- _Given data_:
* * * * * * *
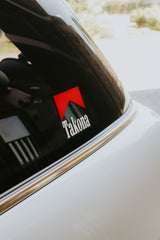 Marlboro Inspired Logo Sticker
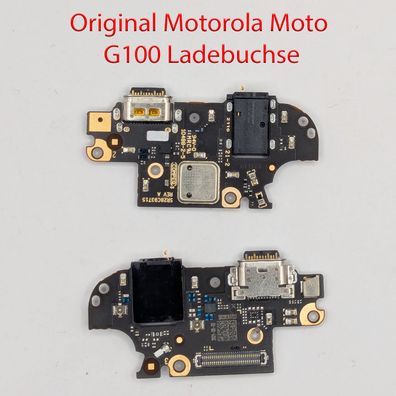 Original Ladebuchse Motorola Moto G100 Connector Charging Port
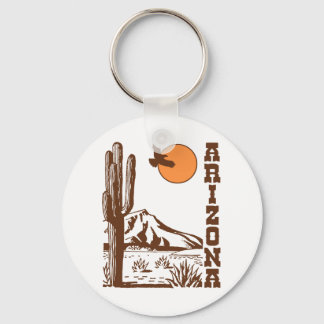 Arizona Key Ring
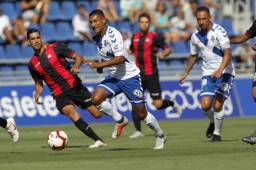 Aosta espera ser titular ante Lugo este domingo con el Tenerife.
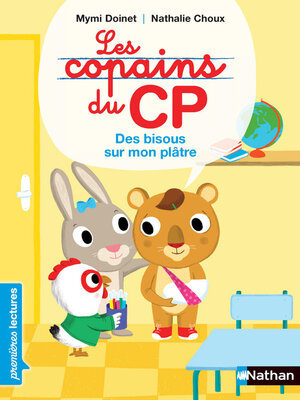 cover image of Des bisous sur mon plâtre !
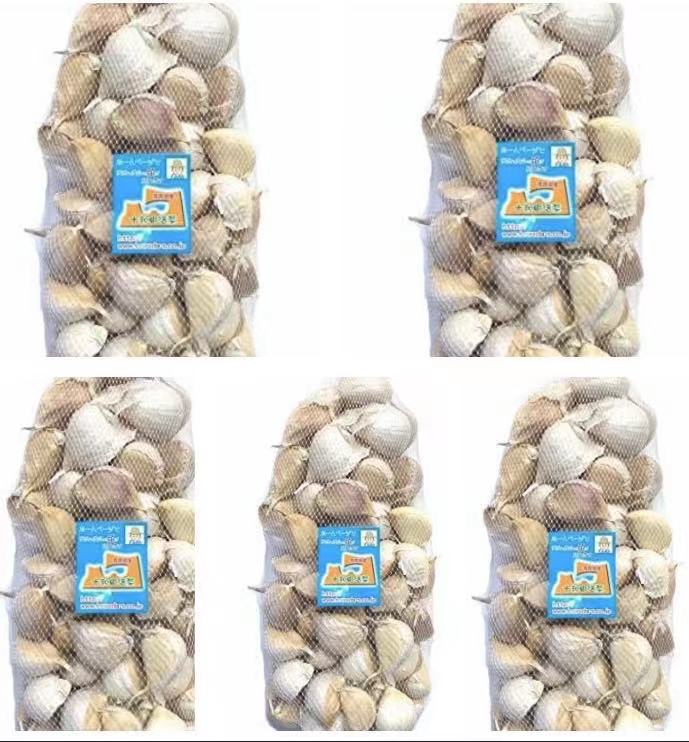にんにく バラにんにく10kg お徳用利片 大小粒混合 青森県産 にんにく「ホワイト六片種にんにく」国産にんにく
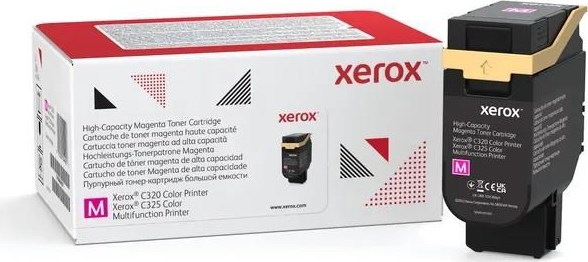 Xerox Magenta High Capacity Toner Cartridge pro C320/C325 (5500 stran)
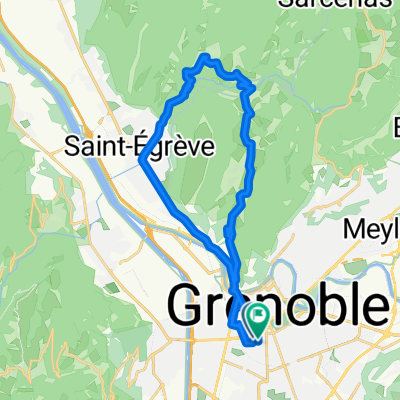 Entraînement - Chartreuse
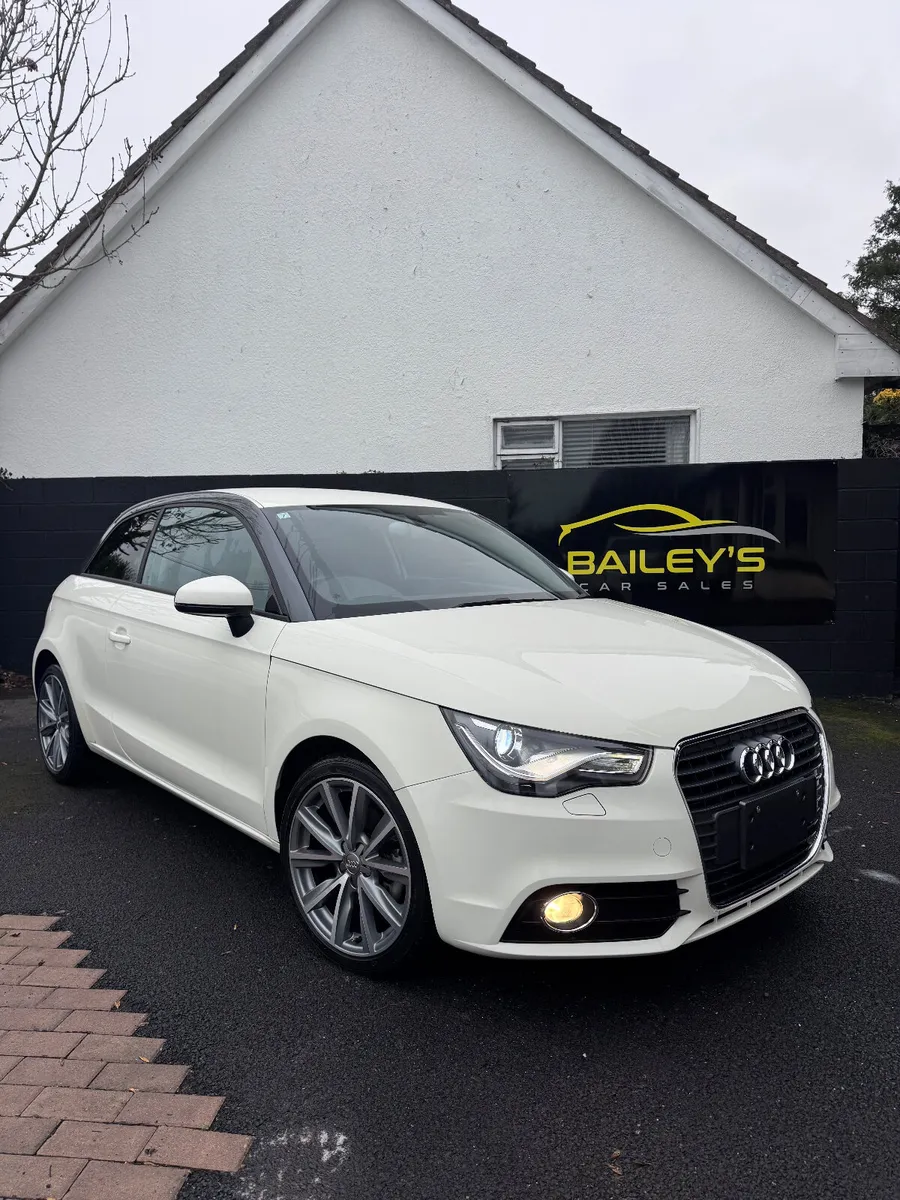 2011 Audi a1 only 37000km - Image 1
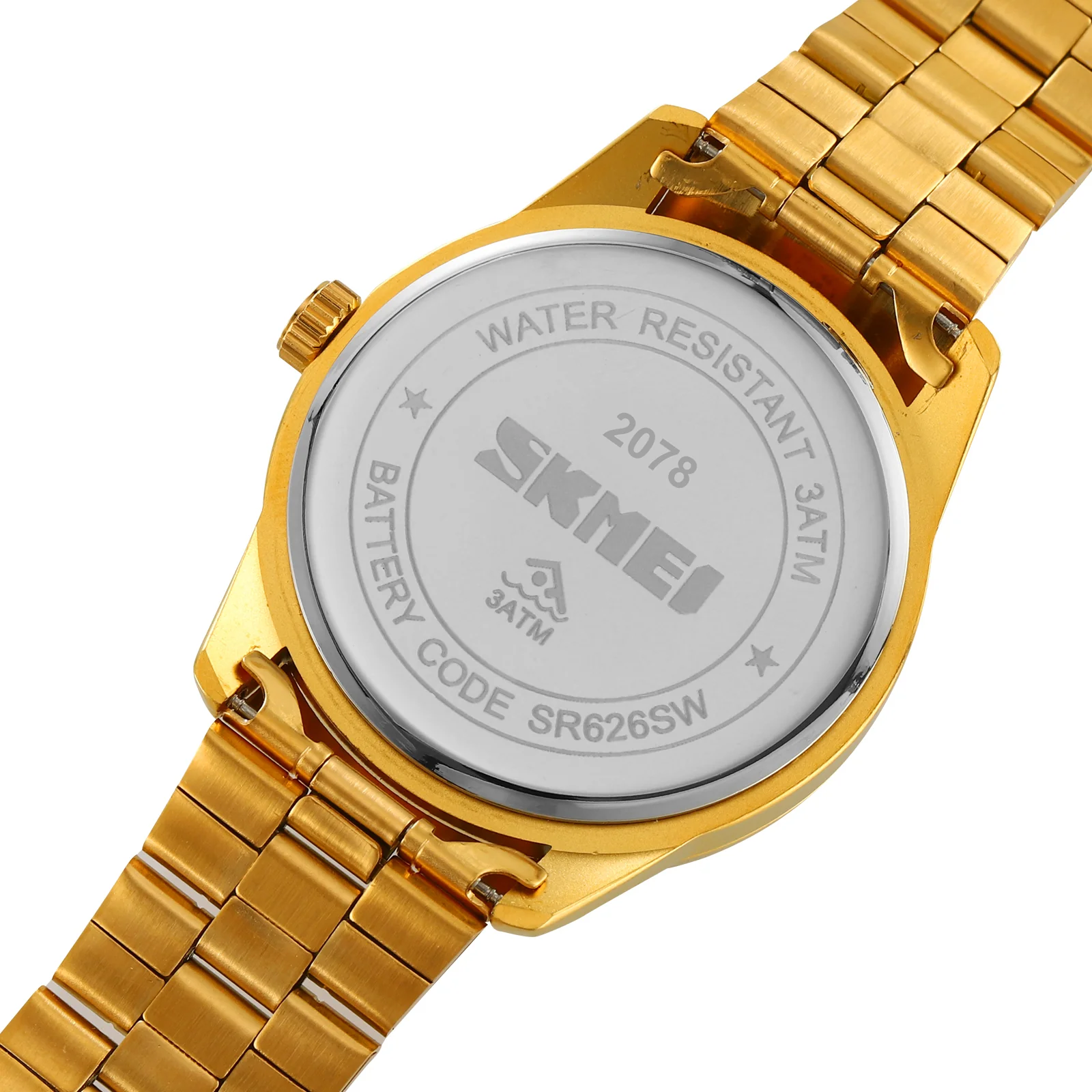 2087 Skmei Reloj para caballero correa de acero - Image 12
* * * * * * *
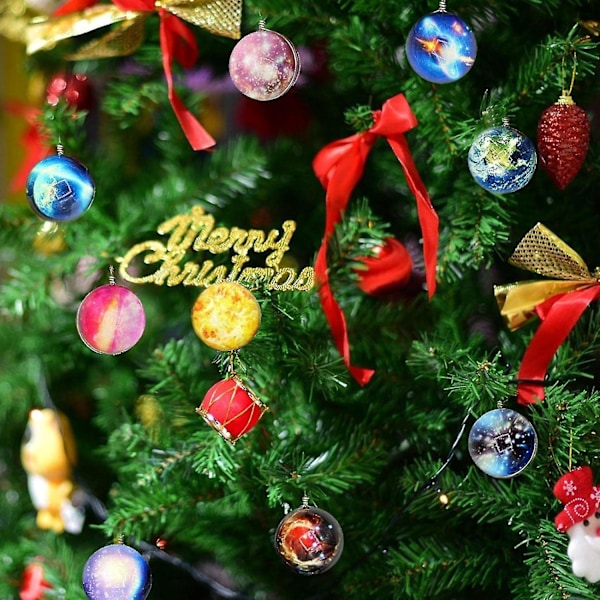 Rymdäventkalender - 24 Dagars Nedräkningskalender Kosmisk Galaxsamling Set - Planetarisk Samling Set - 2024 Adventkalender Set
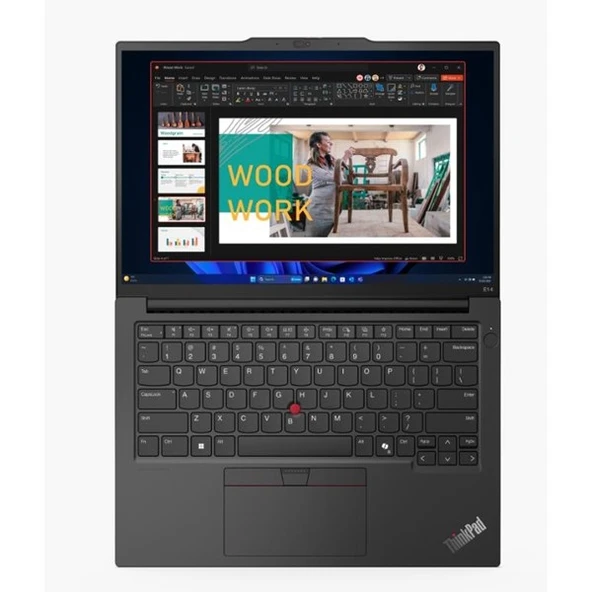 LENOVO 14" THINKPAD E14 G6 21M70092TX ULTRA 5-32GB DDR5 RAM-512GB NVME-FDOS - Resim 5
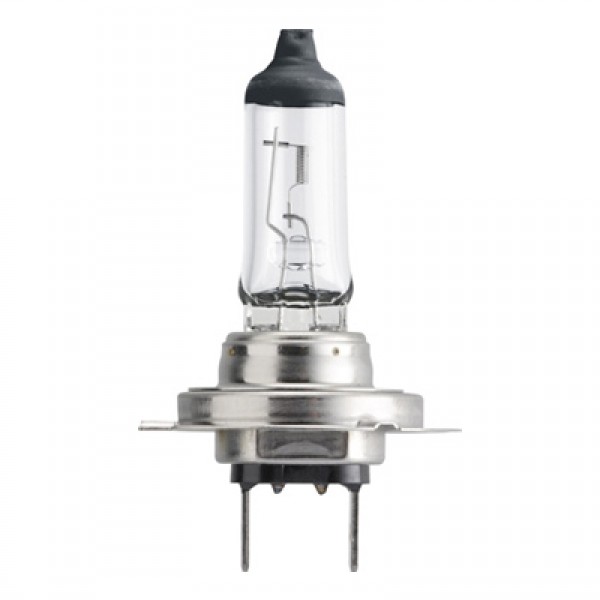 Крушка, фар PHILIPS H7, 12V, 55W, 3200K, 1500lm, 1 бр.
* * * * * * *
- _About this task_: Looking above, find the stretch of lines that opens with the one holding "Original Ladebuchse Motorola" and closes with the one holding "2087 Skmei Reloj". Copy it exactly, pictures excluded.

- _Reply_:
 Original Ladebuchse Motorola Moto G100 Connector Charging Port
 Arizona Key Ring
 Aosta espera ser titular ante Lugo este domingo con el Tenerife.
 cover image of Des bisous sur mon plâtre !
にんにく バラにんにく10kg お徳用利片 大小粒混合 青森県産 にんにく「ホワイト六片種にんにく」国産にんにく
 Xerox Magenta High Capacity Toner Cartridge pro C320/C325 (5500 stran)
 Entraînement - Chartreuse
 2011 Audi a1 only 37000km - Image 1
 2087 Skmei Reloj para caballero correa de acero - Image 12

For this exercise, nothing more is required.